The men leaned forward again.

“An’,” Jarvis went on, “an’ ’ope I may die for it, if ’e ain’t got one panther eye. I saw the pupil of it shut up in the light just like a cat’s.”

“You’ll die for it, or say you’re wrong, anyway, about the panther part,” smiled Johnny.

“D’ y’ mean to say I lied?” demanded Jarvis hotly.

“Not exactly that. You saw what you expected to see, that’s all. As far as the panther part is concerned, you’re dead wrong.”

All eyes were now turned on Johnny.

“You see,” he smiled, “the pupil of a panther’s eye does not contract to a line in the light as a house cat’s does. It contracts to a smaller circle, just as yours and mine do. Go consult your encyclopedia. Ask any hunter of big game, or keeper of a zoo, and he’ll tell you that I’m right.”

The laugh was plainly on Jarvis, and he got it from everyone.

“All the same,” he maintained stoutly, “that don’t prove that Pant ain’t got a cat’s eye, an’ you all know ’e ’as or ’e’s a devil. ’E can see in the dark.”
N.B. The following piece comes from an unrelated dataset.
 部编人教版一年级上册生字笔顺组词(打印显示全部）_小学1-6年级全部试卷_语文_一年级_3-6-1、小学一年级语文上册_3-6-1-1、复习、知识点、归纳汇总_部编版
There was no disputing this point, and there the argument dropped.

Two months later, having got the haven of refuge well established and turned over to the management of the Red Cross, Johnny and Mazie were on a Pacific liner bound for America. Johnny might return at some future time to the Seven Mines, but for the present he had had quite enough of Russia.
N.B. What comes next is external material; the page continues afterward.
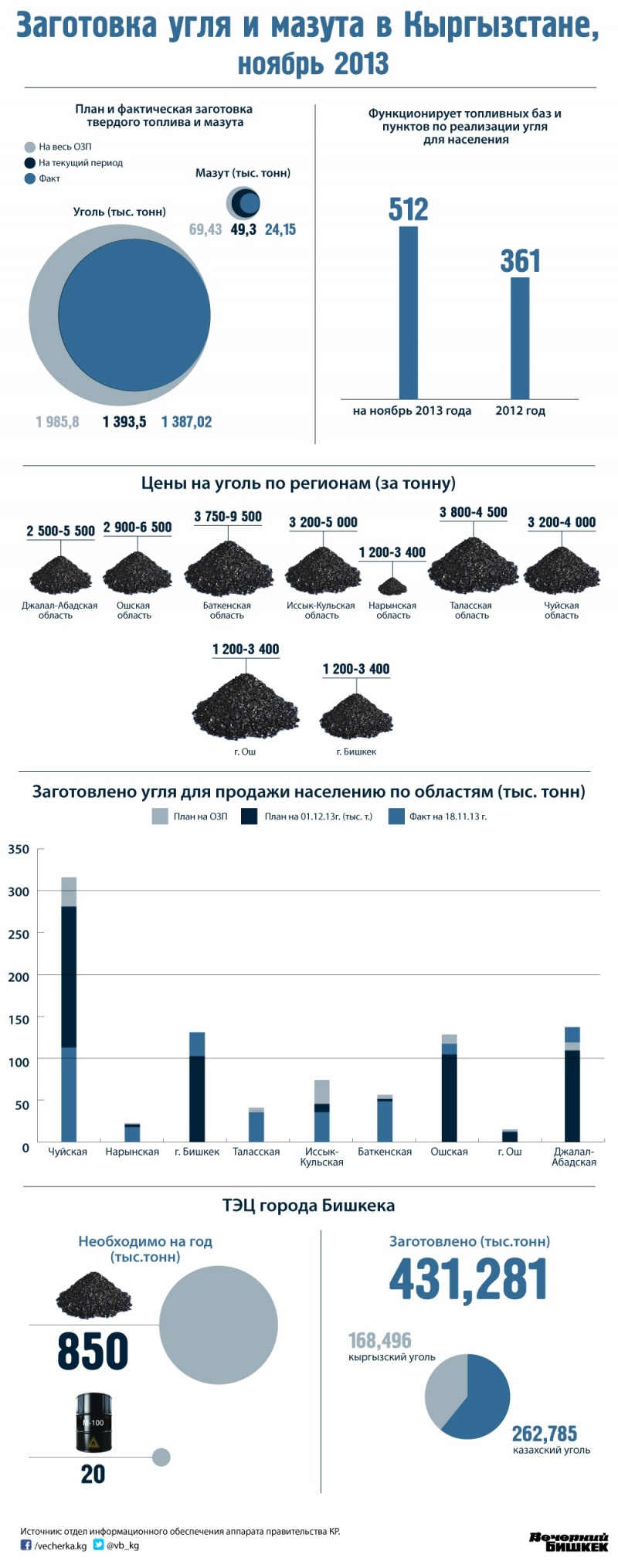 Себестоимость угля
The gang were all on board. With Dave went two persons—the beautiful young exiled Russian girl and her mother.

As the steamer lost the last glimpse of land, Johnny drew from his pocket a wireless message he had received that morning. It read:

“Come over. Get in on something good. Secret Service and a three-ring circus, Pant.”

“Secret Service and a three-ring circus,” repeated Johnny. “Sounds pretty good. Worth looking up. Pant’s a queer one. Bet he’s found something different and mysterious. I’ll bet on that.”

He had. But this story must be told in our next volume.